The short workflow above takes these unstructured tags and drops them into a dedicated column. The final output looks like this:

 


(click on the image to see it in full size)

Conclusion

More advanced users will probably find ways to make this workflow more efficient and streamlined, but for newcomers to KNIME, it shows that you can easily build somewhat complex workflows without any coding or programming skills.

The workflow simply mimics the logic I wanted to create with small steps and processes (filter one column, inject its name as variable…). Then with various iterations I improved it and added functionalities (such as the Quickforms).

It also illustrates how useful KNIME can be for social scientists.

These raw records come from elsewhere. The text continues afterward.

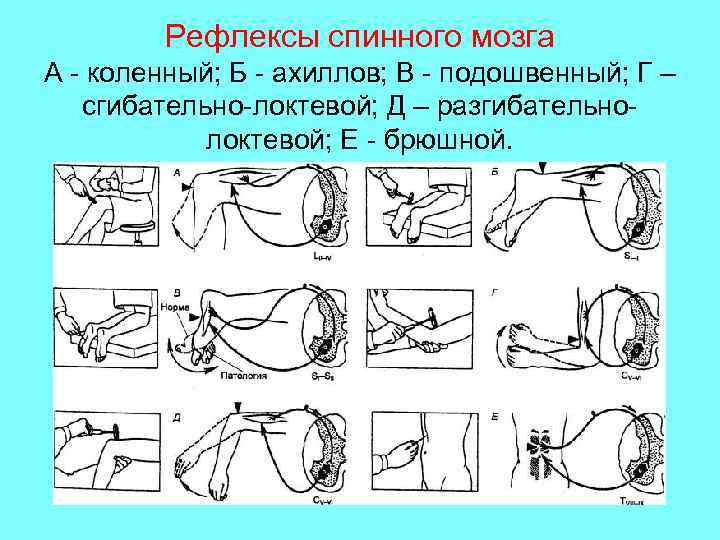 Схема рефлексов спинного мозга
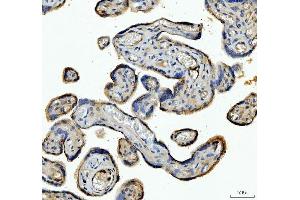 IHC analysis of ANGPTL4 using anti-ANGPTL4 antibody (ABIN5518734). (ANGPTL4 antibody  (C-Term))
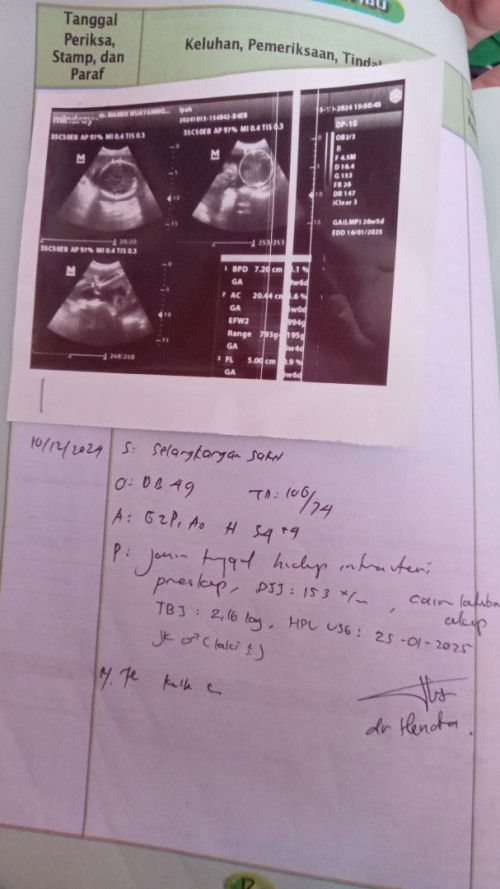 Usia kehamilan 34minggu 4 Hari Bb Janin 2,16 Kata nya masih kurang emang normal nya berapa bun?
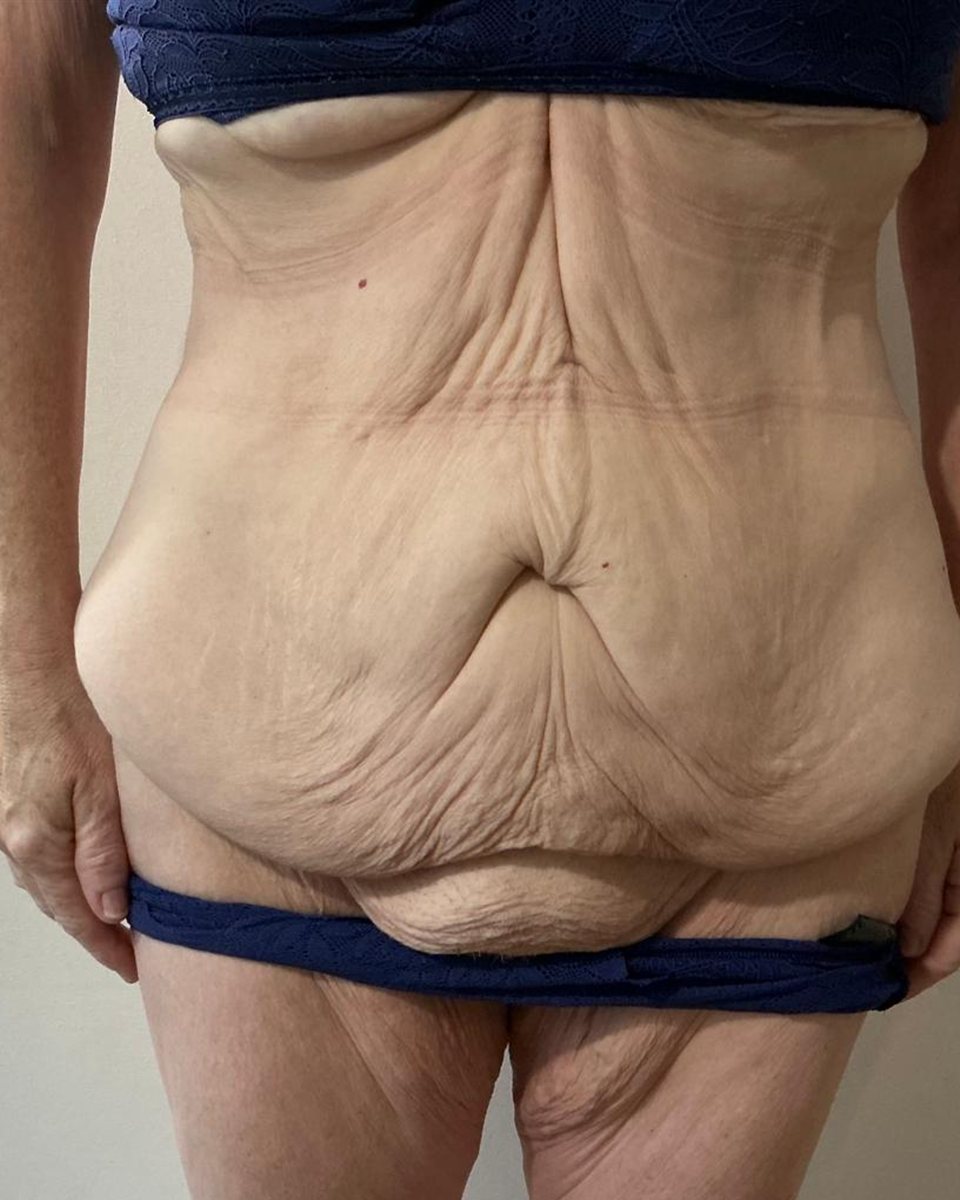 Tummy tuck, before surgery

In this example, I showed how to tag data in a table format, but the process can be easily adapted to mine large text documents such as PDF. And because the tagging list is fully customizable by the user, the process can save hours of research by simply identifying documents of interests by mining their contents.

Finally, this workflow is a good example of how a somewhat experienced KNIME user can help introduce the platform to a wider audience of potential users. A lot of social scientists have a difficult relationship with technology. They use computers every day, but often stick to their web browser, Word, PowerPoint, and, for the most adventurous, Excel. 
Creating out-of-the-box, easy-to-use processes is one way of drawing more of them to the beautiful world of advanced analytics.